Nichts anderes gilt hier. Die vom Beschwerdeführer ins Werk gesetzte Investitionen wurden in dem vom Investitionszulagengesetz 1991 a.F. begünstigten Zeitraum der 1. Jahreshälfte 1992 im Fördergebiet getätigt. Zutreffend weist der Bundesfinanzhof darauf hin, dass der Beschwerdeführer seine Dispositionen hinsichtlich von Investitionen getroffen hat, die nur während eines vom Gesetz knapp bemessenen Zeitraums in besonderer Weise steuerlich begünstigt waren und, dass er damit – ungeachtet des formellen Entstehens des Anspruchs – sein Vertrauen in den Bestand der Rechtslage betätigt hat.
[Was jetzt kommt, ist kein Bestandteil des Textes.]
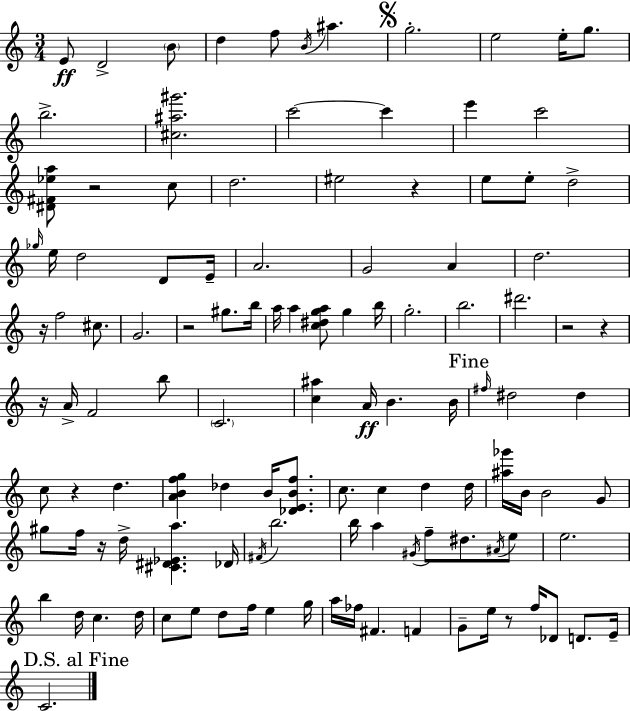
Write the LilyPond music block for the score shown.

{
  \clef treble
  \numericTimeSignature
  \time 3/4
  \key a \minor
  e'8\ff d'2-> \parenthesize b'8 | d''4 f''8 \acciaccatura { b'16 } ais''4. | \mark \markup { \musicglyph "scripts.segno" } g''2.-. | e''2 e''16-. g''8. | \break b''2.-> | <cis'' ais'' gis'''>2. | c'''2~~ c'''4 | e'''4 c'''2 | \break <dis' fis' ees'' a''>8 r2 c''8 | d''2. | eis''2 r4 | e''8 e''8-. d''2-> | \break \grace { ges''16 } e''16 d''2 d'8 | e'16-- a'2. | g'2 a'4 | d''2. | \break r16 f''2 cis''8. | g'2. | r2 gis''8. | b''16 a''16 a''4 <c'' dis'' g'' a''>8 g''4 | \break b''16 g''2.-. | b''2. | dis'''2. | r2 r4 | \break r16 a'16-> f'2 | b''8 \parenthesize c'2. | <c'' ais''>4 a'16\ff b'4. | b'16 \mark "Fine" \grace { fis''16 } dis''2 dis''4 | \break c''8 r4 d''4. | <a' b' f'' g''>4 des''4 b'16 | <des' e' b' f''>8. c''8. c''4 d''4 | d''16 <ais'' ges'''>16 b'16 b'2 | \break g'8 gis''8 f''16 r16 d''16-> <cis' dis' ees' a''>4. | des'16 \acciaccatura { fis'16 } b''2. | b''16 a''4 \acciaccatura { gis'16 } f''8-- | dis''8. \acciaccatura { ais'16 } e''8 e''2. | \break b''4 d''16 c''4. | d''16 c''8 e''8 d''8 | f''16 e''4 g''16 a''16 fes''16 fis'4. | f'4 g'8-- e''16 r8 f''16 | \break des'8 d'8. e'16-- \mark "D.S. al Fine" c'2. | \bar "|."
}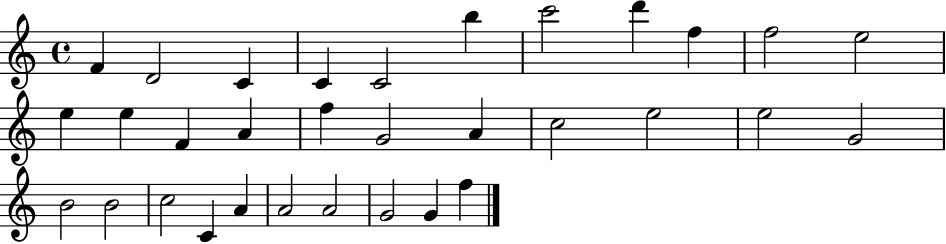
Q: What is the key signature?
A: C major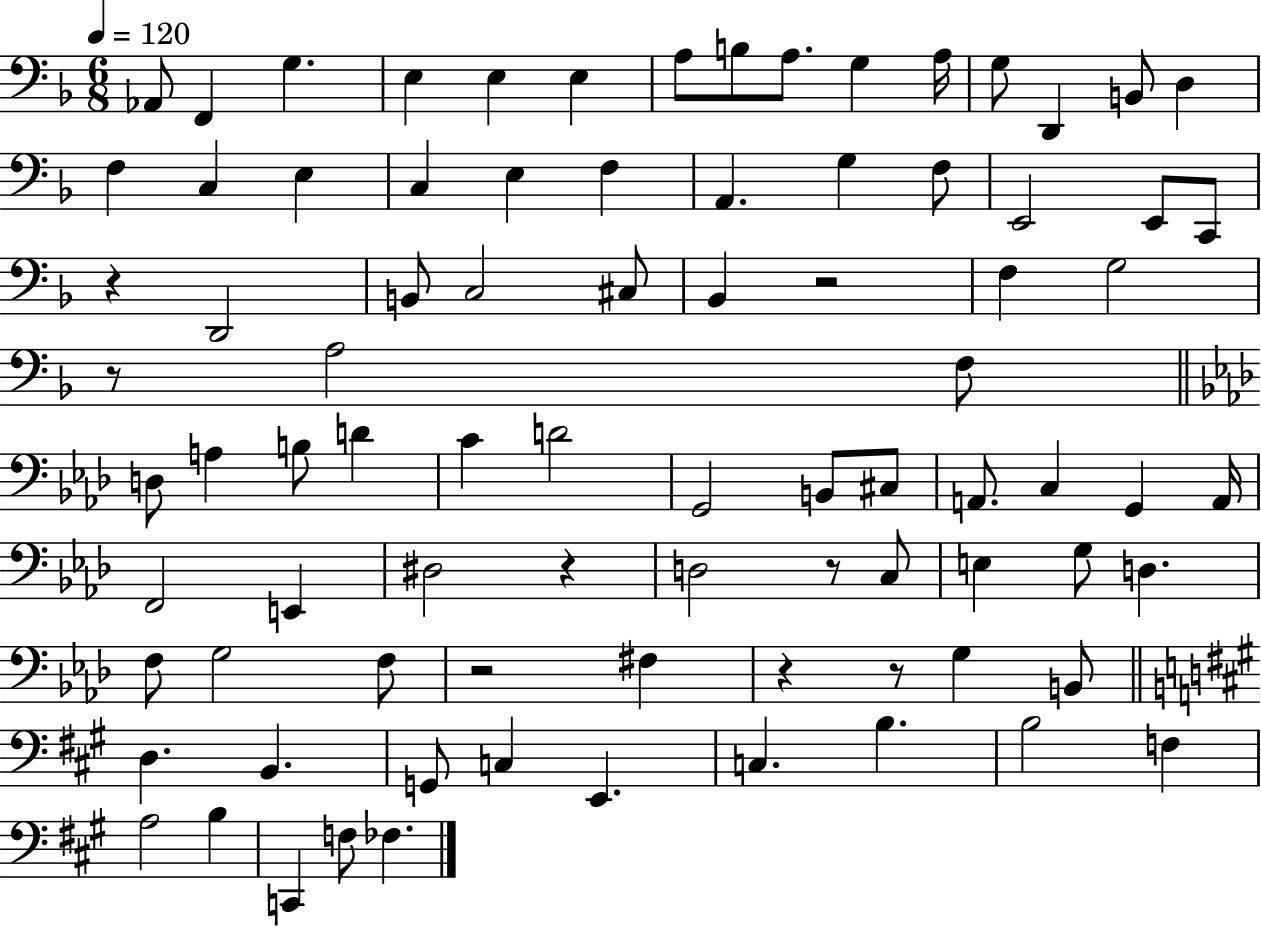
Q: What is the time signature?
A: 6/8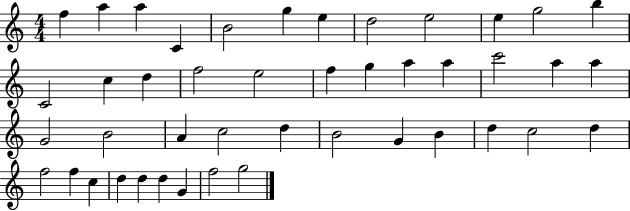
X:1
T:Untitled
M:4/4
L:1/4
K:C
f a a C B2 g e d2 e2 e g2 b C2 c d f2 e2 f g a a c'2 a a G2 B2 A c2 d B2 G B d c2 d f2 f c d d d G f2 g2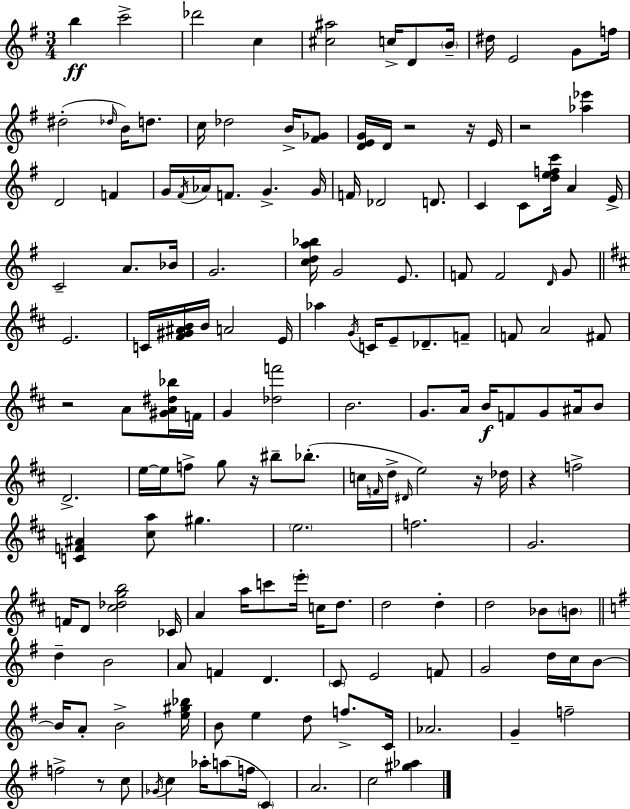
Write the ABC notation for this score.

X:1
T:Untitled
M:3/4
L:1/4
K:G
b c'2 _d'2 c [^c^a]2 c/4 D/2 B/4 ^d/4 E2 G/2 f/4 ^d2 _d/4 B/4 d/2 c/4 _d2 B/4 [^F_G]/2 [DEG]/4 D/4 z2 z/4 E/4 z2 [_a_e'] D2 F G/4 ^F/4 _A/4 F/2 G G/4 F/4 _D2 D/2 C C/2 [defc']/4 A E/4 C2 A/2 _B/4 G2 [cda_b]/4 G2 E/2 F/2 F2 D/4 G/2 E2 C/4 [^F^G^AB]/4 B/4 A2 E/4 _a G/4 C/4 E/2 _D/2 F/2 F/2 A2 ^F/2 z2 A/2 [^GA^d_b]/4 F/4 G [_df']2 B2 G/2 A/4 B/4 F/2 G/2 ^A/4 B/2 D2 e/4 e/4 f/2 g/2 z/4 ^b/2 _b/2 c/4 F/4 d/4 ^D/4 e2 z/4 _d/4 z f2 [CF^A] [^ca]/2 ^g e2 f2 G2 F/4 D/2 [^c_dgb]2 _C/4 A a/4 c'/2 e'/4 c/4 d/2 d2 d d2 _B/2 B/2 d B2 A/2 F D C/2 E2 F/2 G2 d/4 c/4 B/2 B/4 A/2 B2 [e^g_b]/4 B/2 e d/2 f/2 C/4 _A2 G f2 f2 z/2 c/2 _G/4 c _a/4 a/2 f/4 C A2 c2 [^g_a]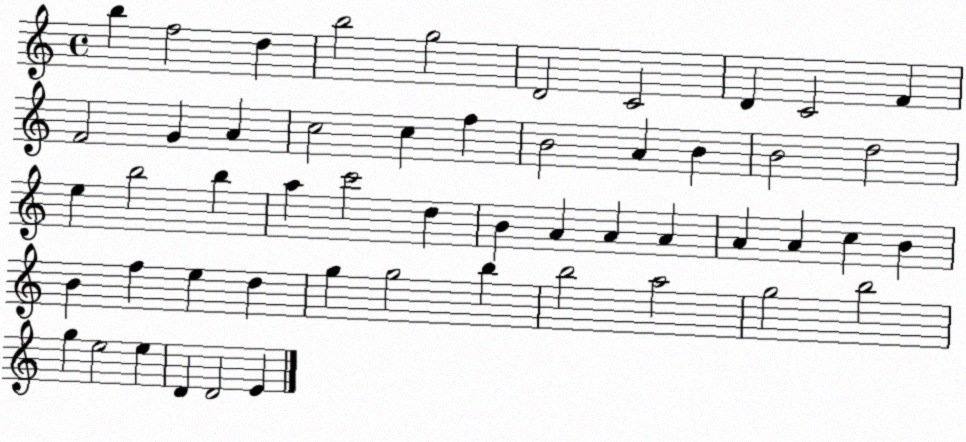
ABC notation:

X:1
T:Untitled
M:4/4
L:1/4
K:C
b f2 d b2 g2 D2 C2 D C2 F F2 G A c2 c f B2 A B B2 d2 e b2 b a c'2 d B A A A A A c B B f e d g g2 b b2 a2 g2 b2 g e2 e D D2 E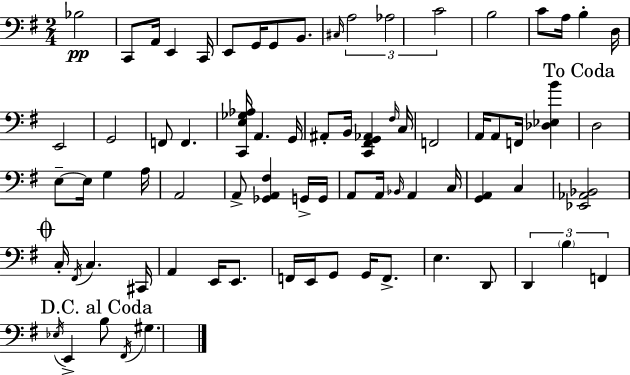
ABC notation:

X:1
T:Untitled
M:2/4
L:1/4
K:G
_B,2 C,,/2 A,,/4 E,, C,,/4 E,,/2 G,,/4 G,,/2 B,,/2 ^C,/4 A,2 _A,2 C2 B,2 C/2 A,/4 B, D,/4 E,,2 G,,2 F,,/2 F,, [C,,E,_G,_A,]/4 A,, G,,/4 ^A,,/2 B,,/4 [C,,^F,,G,,_A,,] ^F,/4 C,/4 F,,2 A,,/4 A,,/2 F,,/4 [_D,_E,B] D,2 E,/2 E,/4 G, A,/4 A,,2 A,,/2 [_G,,A,,^F,] G,,/4 G,,/4 A,,/2 A,,/4 _B,,/4 A,, C,/4 [G,,A,,] C, [_E,,_A,,_B,,]2 C,/4 ^F,,/4 C, ^C,,/4 A,, E,,/4 E,,/2 F,,/4 E,,/4 G,,/2 G,,/4 F,,/2 E, D,,/2 D,, B, F,, _E,/4 E,, B,/2 ^F,,/4 ^G,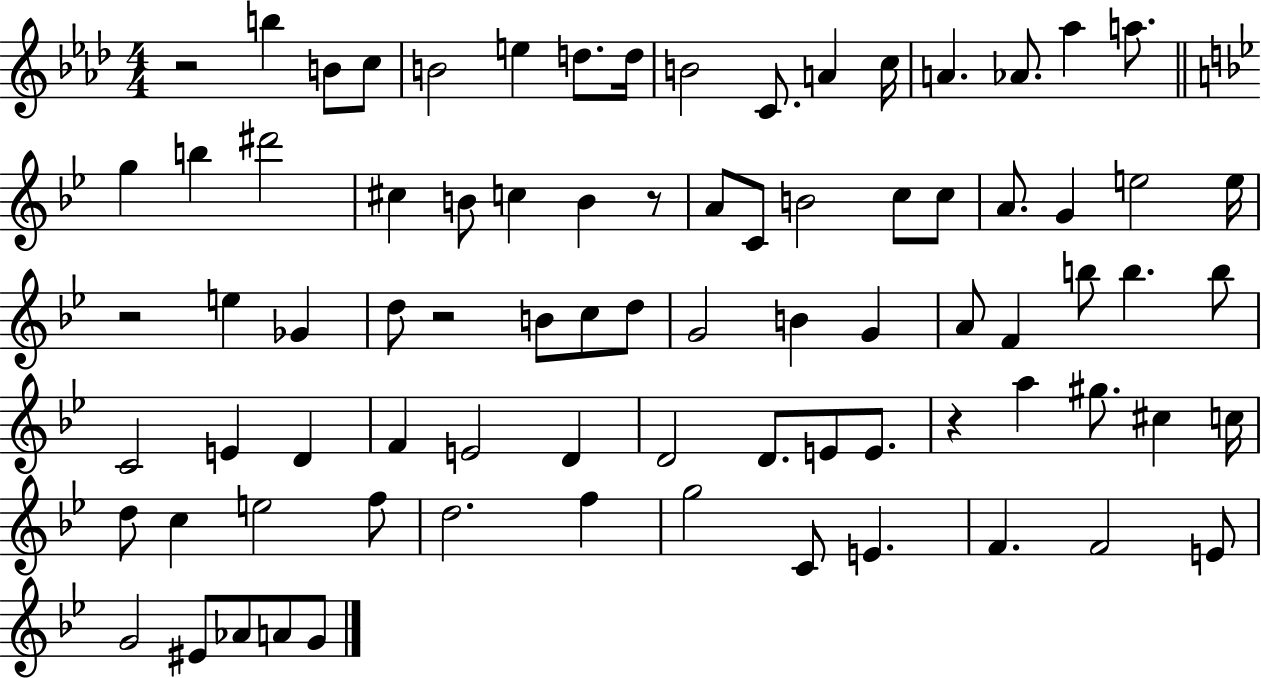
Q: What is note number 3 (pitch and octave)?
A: C5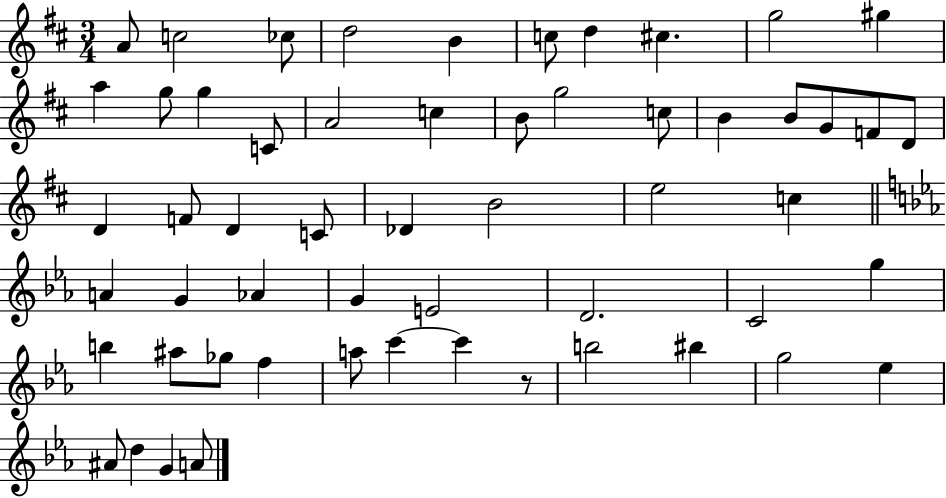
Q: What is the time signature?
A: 3/4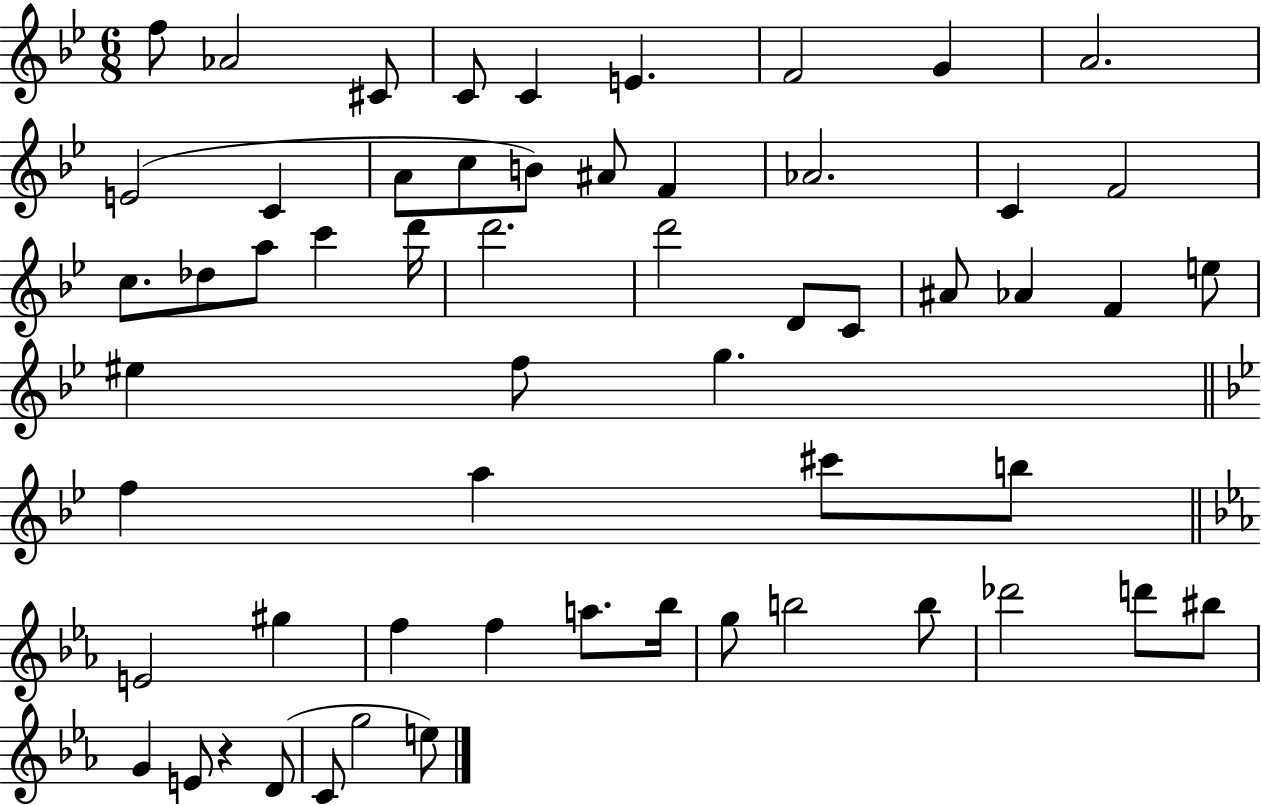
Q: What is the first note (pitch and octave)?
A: F5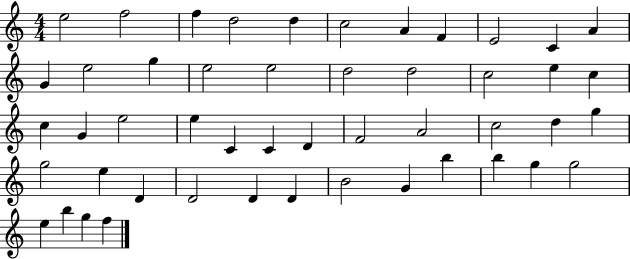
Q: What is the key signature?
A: C major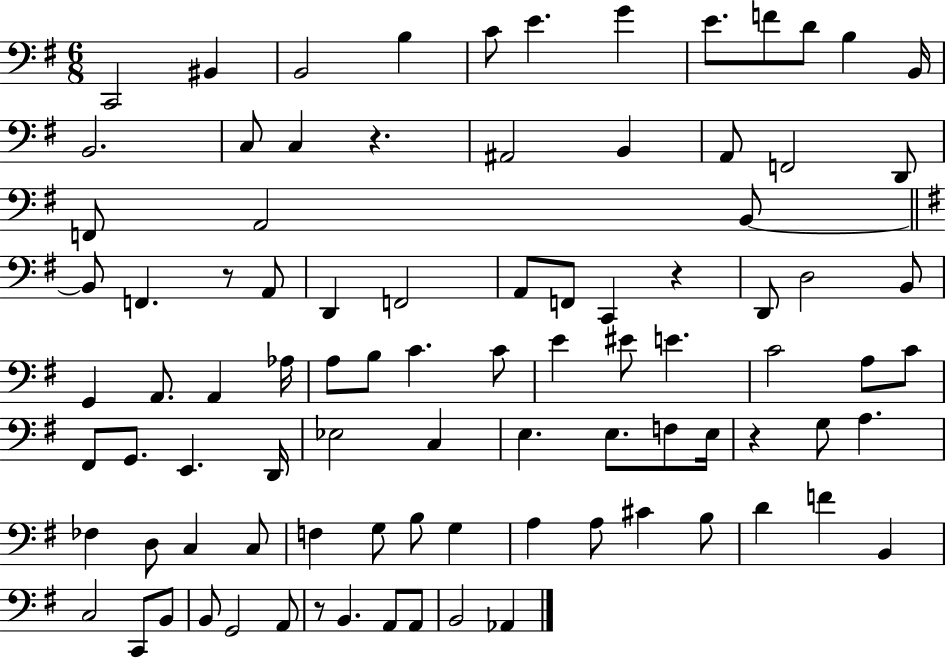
C2/h BIS2/q B2/h B3/q C4/e E4/q. G4/q E4/e. F4/e D4/e B3/q B2/s B2/h. C3/e C3/q R/q. A#2/h B2/q A2/e F2/h D2/e F2/e A2/h B2/e B2/e F2/q. R/e A2/e D2/q F2/h A2/e F2/e C2/q R/q D2/e D3/h B2/e G2/q A2/e. A2/q Ab3/s A3/e B3/e C4/q. C4/e E4/q EIS4/e E4/q. C4/h A3/e C4/e F#2/e G2/e. E2/q. D2/s Eb3/h C3/q E3/q. E3/e. F3/e E3/s R/q G3/e A3/q. FES3/q D3/e C3/q C3/e F3/q G3/e B3/e G3/q A3/q A3/e C#4/q B3/e D4/q F4/q B2/q C3/h C2/e B2/e B2/e G2/h A2/e R/e B2/q. A2/e A2/e B2/h Ab2/q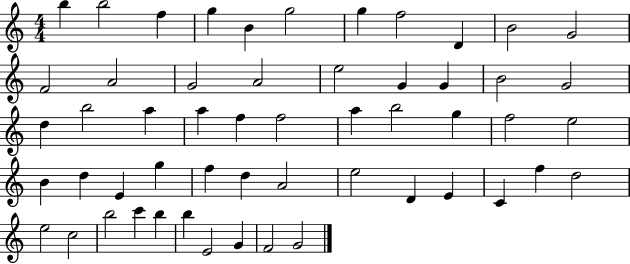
{
  \clef treble
  \numericTimeSignature
  \time 4/4
  \key c \major
  b''4 b''2 f''4 | g''4 b'4 g''2 | g''4 f''2 d'4 | b'2 g'2 | \break f'2 a'2 | g'2 a'2 | e''2 g'4 g'4 | b'2 g'2 | \break d''4 b''2 a''4 | a''4 f''4 f''2 | a''4 b''2 g''4 | f''2 e''2 | \break b'4 d''4 e'4 g''4 | f''4 d''4 a'2 | e''2 d'4 e'4 | c'4 f''4 d''2 | \break e''2 c''2 | b''2 c'''4 b''4 | b''4 e'2 g'4 | f'2 g'2 | \break \bar "|."
}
Es begegnet im Blick auf Art. 2 Abs. 1 in Verbindung mit Art. 20 Abs. 3 GG keinen verfassungsrechtlichen Bedenken, wenn der Bundesfinanzhof darauf hinweist, dass das Vertrauen des Steuerpflichtigen dann nicht schutzwürdig ist, wenn die Rechtslage ungeklärt ist und der Steuerpflichtige davon auch Kenntnis hat. Unter Würdigung der festgestellten Tatsachen – die Tatsachenfeststellung wird von der Verfassungsbeschwerde nicht angegriffen – geht der Bundesfinanzhof unter Berücksichtigung der Gesamtumstände hier davon aus, dass der Beschwerdeführer noch vor Vornahme eines wesentlichen Teils seiner Investitionen Kenntnis davon hatte, dass die nationalen Beihilfevorschriften im Widerspruch zu unmittelbar in den Mitgliedsstaaten der Europäischen Union geltenden Bestimmungen des EWG-Vertrages standen, was zur Folge hatte, dass die 12%ige Investitionszulage im 1. Halbjahr 1992 trotz der Regelung im Investitionszulagengesetz 1991 a.F. nicht gewährt wird.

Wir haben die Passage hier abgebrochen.